75岁的江元云看起来比实际年龄要年轻,这个5岁学戏,从事了一辈子川剧的老人,经常戴着迷彩帽,骑着一辆崭新的山地车,从家里到一个叫“小桥流水”的地方喝坝坝茶。

小桥流水,这个名字比较有诗意,但是摆坝坝茶的地方显然算不上高大上。不过,顺着河沿一溜弯弯曲曲、平平仄仄的竹椅望過去,倒是很有些市井逍遥的风味。也许是上了年龄,冬春时节,阴天有点风的时候,他们都不坐在外边,而是坐在茶老板的院子里。说是院子,其实是个天井,摆上一桌,围着坐的都是一些曾经广汉川剧界的人物。他们骑着自行车或者走路来,天南地北地闲聊,喝到11点多就各自回家。

江元云退休多年了,最早是温江专区川剧团的副团长,任副团长的时候26岁。温江专区川剧团驻广汉,后来现在的德阳市老领导、时任广汉市委书记的尚光南提出广汉要成立自己的剧团,这就和专区的剧团形成了冲突,最后协商的结果是专区剧团交给广汉,江元云依然做副团长。江元云先任广汉剧团副团长,后任广汉文化馆副馆长,直到退休。

说起唱戏,江元云显得有些激动,一方面,唱戏是他本身的职业,或者说是他一生的爱好;另一方面,也为如今川剧的凋落感觉痛心,毕竟川剧是几代川人的精神支撑,广汉戏剧的人才都还在,观众也还在,但是演戏的地方却没了。

准确地说,江元云是搞器乐的,但是他讲西皮、汉调二簧、梆梆腔,眉户腔的时候,嘴里一边打节奏,一边开唱,一张口,手、眼、身、法、步及各种细微表情一下就出现了,完全就是戏台上的感觉。一看就知道,这是从事了一辈子戏剧的人。

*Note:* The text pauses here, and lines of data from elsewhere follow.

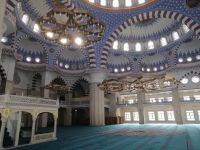 Besichtigung der neuen Moschee in Bischkek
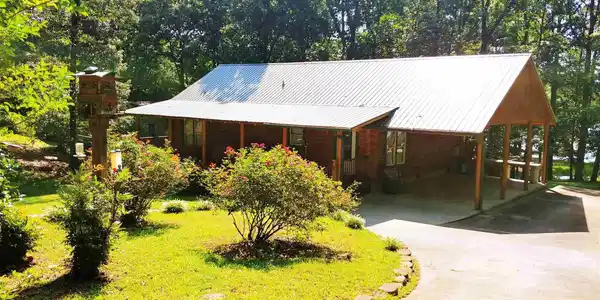 1092 Pistol Creek Ext
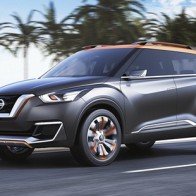 Nissan Kicks được “bật đèn xanh”, Honda HR-V gặp đối thủ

退休多年,江元云依然喜欢在家里摆弄他的扬琴、长管。现在,他也带学生,不过这些学生都是老人,他也是义务教学。坐在旁边的廖明伦指着两位老人开玩笑说:“你看他们两个,就是跟着学戏的,别看在家里走路都要人搀,一说起到外边唱戏,那动作敏捷得狗都追不上。”廖明伦看起来比其他人要年轻许多,剧团解散前是鼓师,后被安排到广汉一家企业,还做了一个小领导。如今,他也已退休,却依然愿意跟这帮当年剧团的朋友们一起喝茶。

江元云不太愿意提到“汉剧”这两个字,他还是喜欢提川剧,虽然他退休之前,广汉的川剧团一直叫汉剧团。

江元云对“汉剧”二字的不认同是有自己的道理的,毕竟此汉剧非彼汉剧,广汉的汉剧与湖北的汉剧完全不沾边。确切地说,广汉汉剧跟陕戏,就是后来的秦腔有着更多的渊源。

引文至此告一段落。